In regards to drills, when you look at the ice kicker or the clam gear box those are 2:1. If what you laid out above is true (it’s not) then those gear boxes that are 2:1 will turn a bit faster than hooking it directly to the bit and running them at 1:1.
Have had my complete set-up now for a couple of weeks. Haven't drilled many hole's, but it really rips thru the ice!! Went with the Nils Trekker 6" and a Milwaukee 18V Fuel 2704-20 5ah battery.. I don't think no matter what auger you have these days, it's going to cost a person to replace or have the blades sharpened, unless you can do it yourself. I found the drill on Ebay and it was advertised as the 2706-20 Model and got sent the 2704-20. No big deal to me, the guy did have the right model I thought I was getting and offered a exchange, but I was happy and didn't want to wait since Ice Fishing is in full swing. Was a good deal on the drill/battery/charger, $185.00 and the seller gave me a refund back to my Paypal of $30 for sending the wrong model. Just ordered a second battery this week for $12 even though it looks the same as mine, but think it's made in Japan. Course all Milwaukee Batteries might be made there, lol!! I also ordered a Coldsnap.com cover for my Nils, since their cover guards aren't the best. Still might get the Clam Newer Auger Conversion Kit(just like the concept and having handles and a throttle. Almost was going to go with a Kobalt Cordless drill carried by Lowes exclusively, good warranty and heard money back up to one year if your not satisfied.
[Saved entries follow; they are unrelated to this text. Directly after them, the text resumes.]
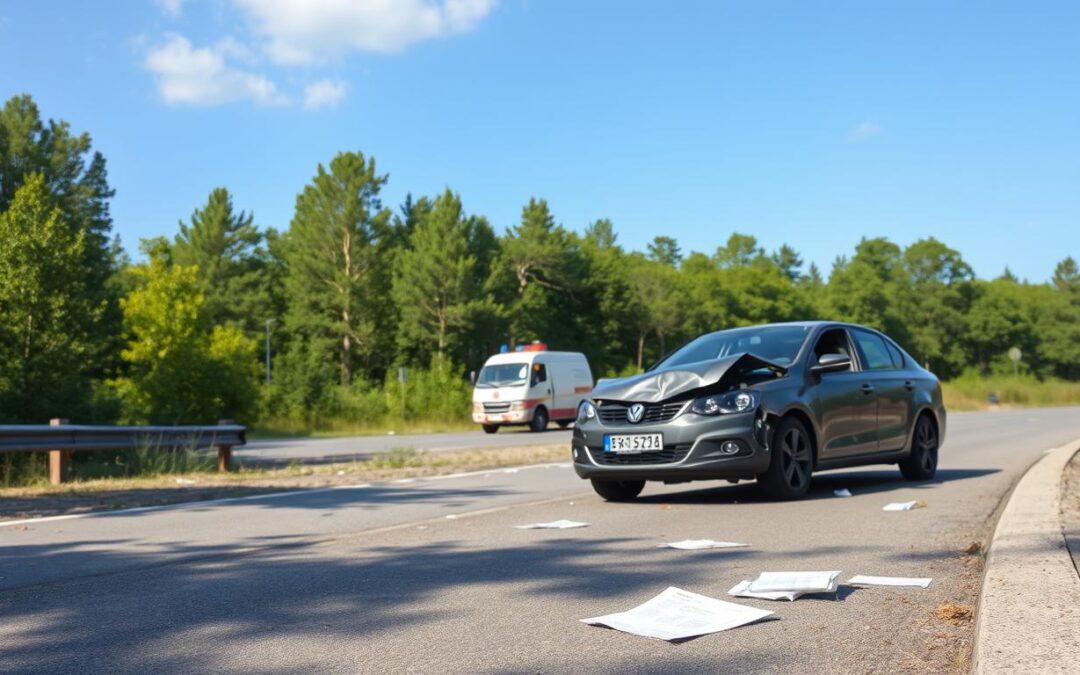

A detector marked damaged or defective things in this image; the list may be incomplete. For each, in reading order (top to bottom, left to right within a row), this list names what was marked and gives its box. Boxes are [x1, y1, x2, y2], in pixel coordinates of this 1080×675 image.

broken bumper [568, 410, 772, 484]
crumpled hood [592, 354, 784, 402]
damaged gray sedan [572, 322, 944, 502]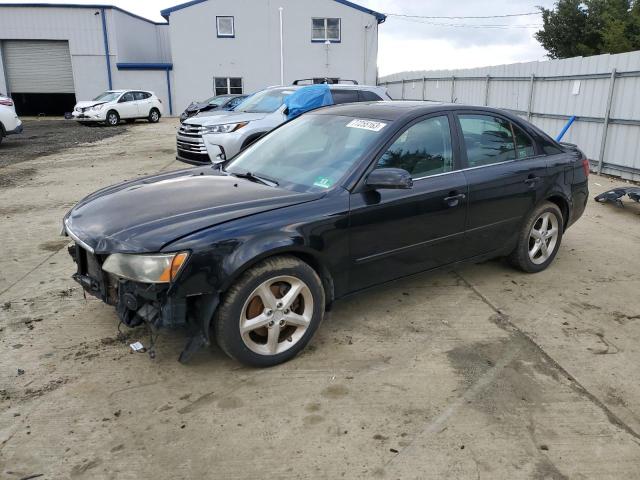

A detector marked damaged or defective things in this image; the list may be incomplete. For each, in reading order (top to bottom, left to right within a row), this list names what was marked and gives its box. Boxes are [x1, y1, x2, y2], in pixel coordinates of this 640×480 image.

damaged front bumper [66, 242, 219, 362]
cracked headlight [103, 253, 190, 284]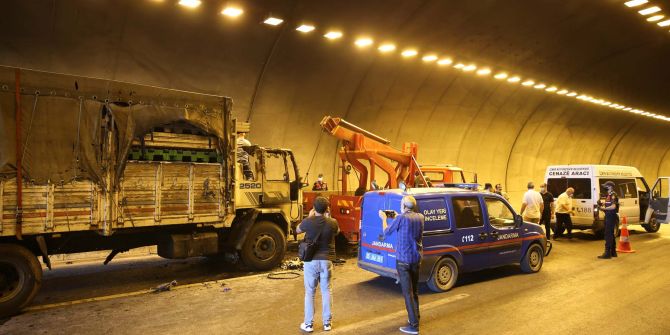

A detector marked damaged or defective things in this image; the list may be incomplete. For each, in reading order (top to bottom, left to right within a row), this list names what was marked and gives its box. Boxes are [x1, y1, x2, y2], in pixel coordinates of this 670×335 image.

damaged truck [0, 67, 304, 316]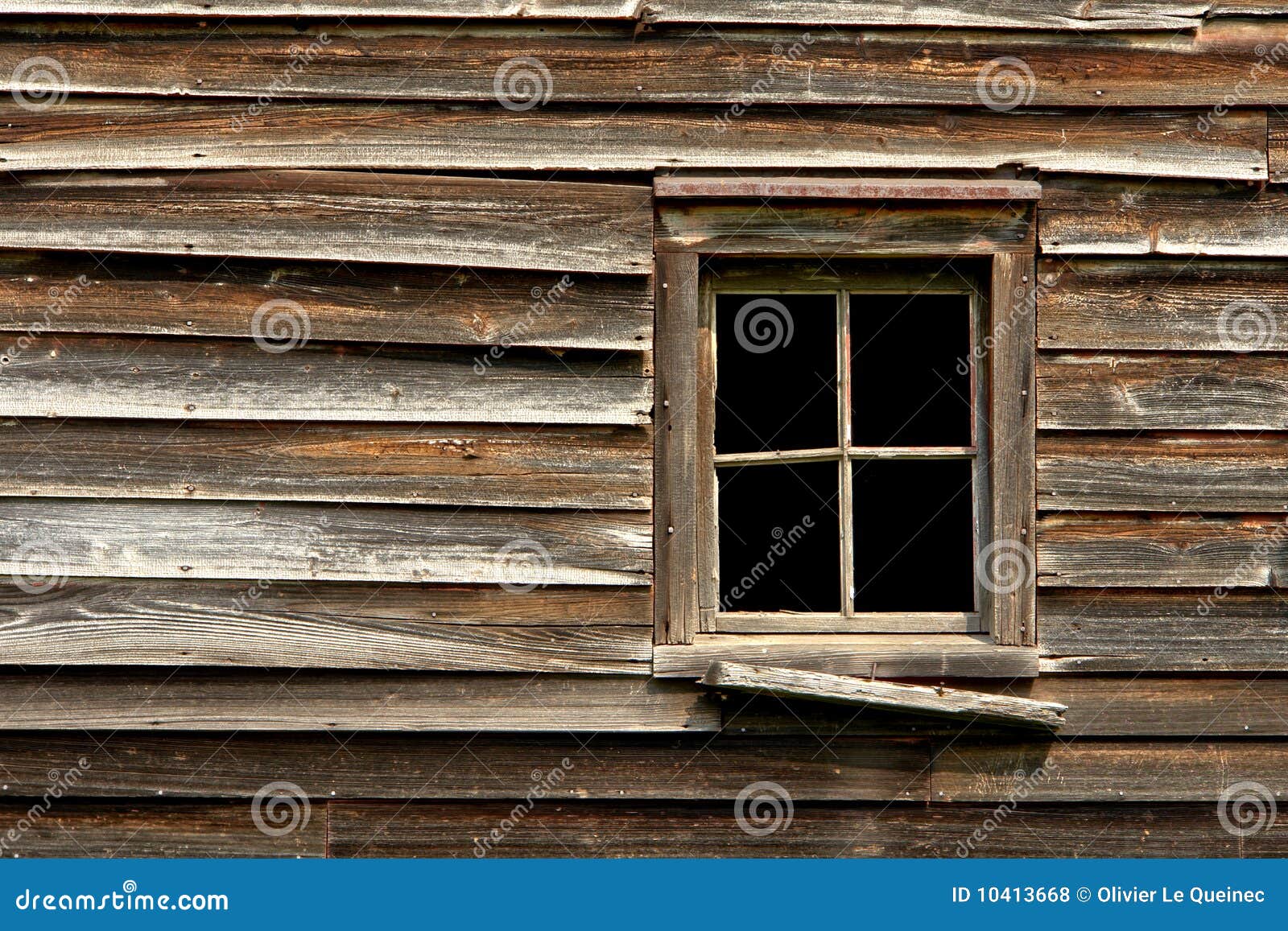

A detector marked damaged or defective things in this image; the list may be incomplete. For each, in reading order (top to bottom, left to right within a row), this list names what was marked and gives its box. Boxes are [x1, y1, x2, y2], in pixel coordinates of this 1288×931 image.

I can still see people being confused with torque, volts, amp hours, watts, etc.. if your not electrically educated and how it apply's to Electric Augers whether it being a Cordless Drill or all in one Auger with batteries/packs included or in a pack form that you attach to the Auger Head which is the same concept as any cordless equipment. All you need to be concerned with drilling hole's thru the ice with Amp Hours is how long your battery is going to last you on a outing(s). Torque, well that is coming from the motor itself and how gear's are geared. If your gear ratio say on a gas powered Auger are 12 to 1, then you have more Torque typically and power, just not the speed. If it the gear ratio is 25 to 1, then you have less Torque typically, but the speed is faster. Bigger the unit your operating the more Volts you need to achieve maximum performance on how the unit works as a whole. Your not gaining anything if you have a setup like mine and go with a higher Volt Cordless Drill except more added weight.
Just started using drill set up this year. I have a ridgid brushless drill that was purchased as a combo with the driver. 4 aBattery is still full after drilling 30 or so holes thru 4 inches of ice. The combo cost was around 170 from direct tools in the Johnson creek outlet mall. I have been impressed with the drill both on and off the ice.